Millie went missing either late friday night or early Saturday morning In Skidby near Cottingham, East Yorkshire. She doesn't normally stray too far and usually bounces back with the rattle of a cat dish or a call of her name. Really worried about her as is the rest of the family. We have put posters up in the village and put leaflets through the door in our street and the the streets next us. Don't really know what to do now as i've contacted the vets/rspca/cat protection/etc. If anyone has seen her please contact us ASAP. Oh and she has a distinguishing little ginger stripe on her nose. She has been chipped also but is wearing no collar. Many thanks.


----------



## codyann (Jan 8, 2011)

Personified82 said:


> Millie went missing either late friday night or early Saturday morning In Skidby near Cottingham, East Yorkshire. She doesn't normally stray too far and usually bounces back with the rattle of a cat dish or a call of her name. Really worried about her as is the rest of the family. We have put posters up in the village and put leaflets through the door in our street and the the streets next us. Don't really know what to do now as i've contacted the vets/rspca/cat protection/etc. If anyone has seen her please contact us ASAP. Oh and she has a distguishing little ginger stripe on her nose. She has been chipped also but is wearing no collar. Many thanks.
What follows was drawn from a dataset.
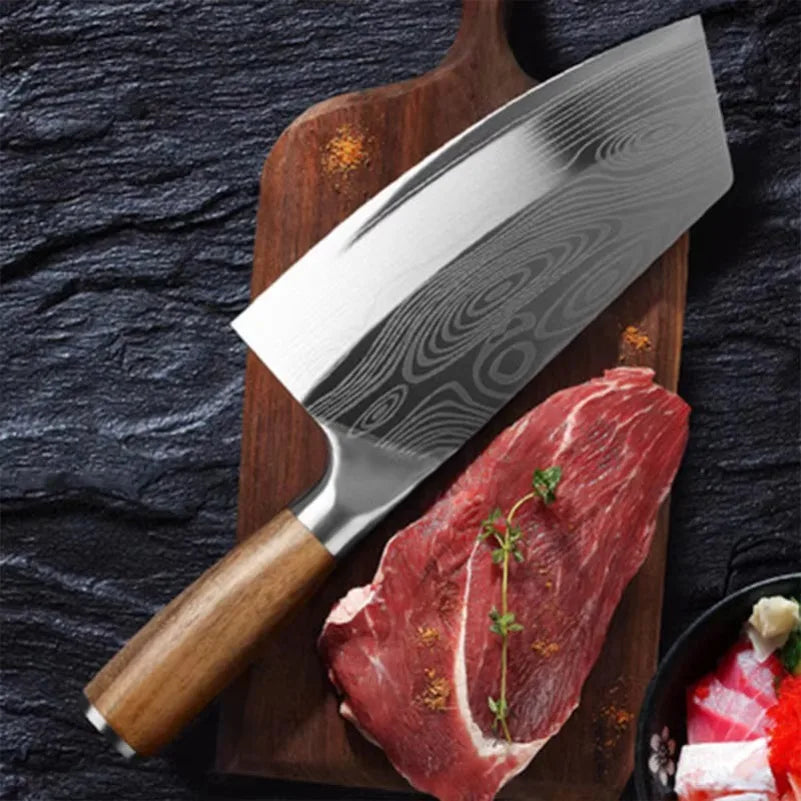 InLeung Stainless Steel Meat Cleaver – Wood Handle Butcher Knife Meat Cleaver Knife Axl
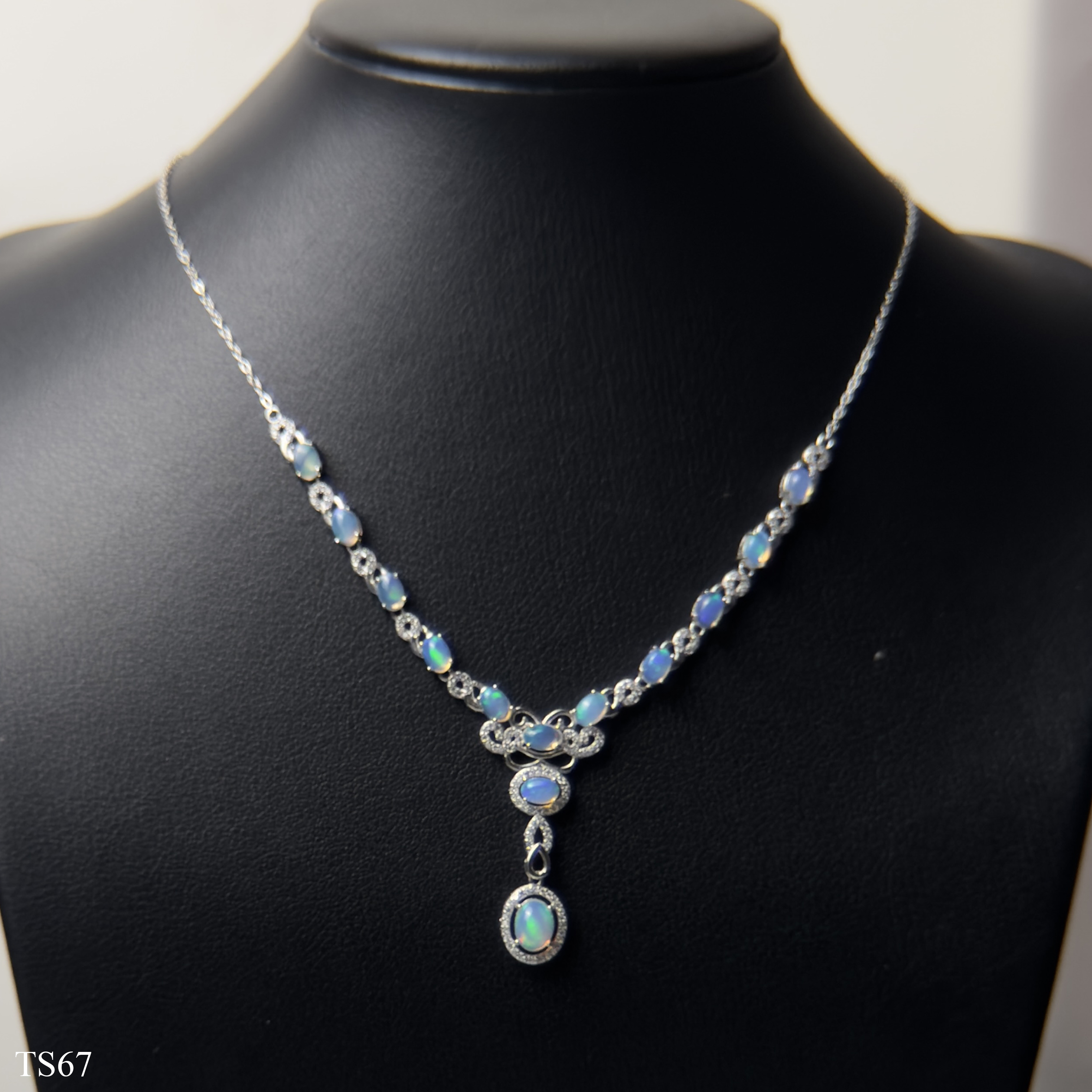 Dây chuyền bạc 925 nữ cabochon opaz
maybe you should contact your local council just incase she was found? and is her chip details up to date? hopefully you will find her soon.


----------



## Personified82 (May 16, 2011)

Contacted all the relevant bodies and authorities, needless to say to council were by far the most useless of the lot saying as it was "ONLY" a cat they generally didn't report them. On the Plus side there is only three roads in the whole villiage really and i've been up and down these and no sign, fingers crossed she has just gone wandering or a neighbour may have shut the door on her in the garage..


----------



## Ancllo (May 8, 2009)

I live in Beverley, and work with someone from Cott, will keep an ear & eye out :smile:


----------



## Lulus mum (Feb 14, 2011)

Hi 
Why not post a photo on here?
How old is Milly by the way?
Have you asked people to check their sheds,garages etc in case she has found her way in and is unable to get out 
Do hope you get her back safe and sound-there seem to be a lot of owners on here at the moment who are in your position
You will find a lot of support on here
Please keep us informed
Maureen


----------



## Personified82 (May 16, 2011)

Thanks guys fot the support. Millie is just over 1 years old. we have put flyers in the doors of our street and the 2 next us and also knocked on doors the flyer and we asked when we knocked to check their garages etc.. Letting anyone know is great thanks the more people know that she is missing the better. Just been on a long walk in the fields behind us and the farmers say they see her but not recently. Going to post more flyers tomorrow and try and get the whole villiage done. cheers guys


----------



## Personified82 (May 16, 2011)

posted poster/leaflets through every house barring about 50 in the area (only because i ran out, and will do when get some more ink for printer) spoke to some of the residents in the village and some say they see her quite a lot, so she does wander further than we thought. Rung every organisation that has been suggested. I guess now it is just wait and see.


----------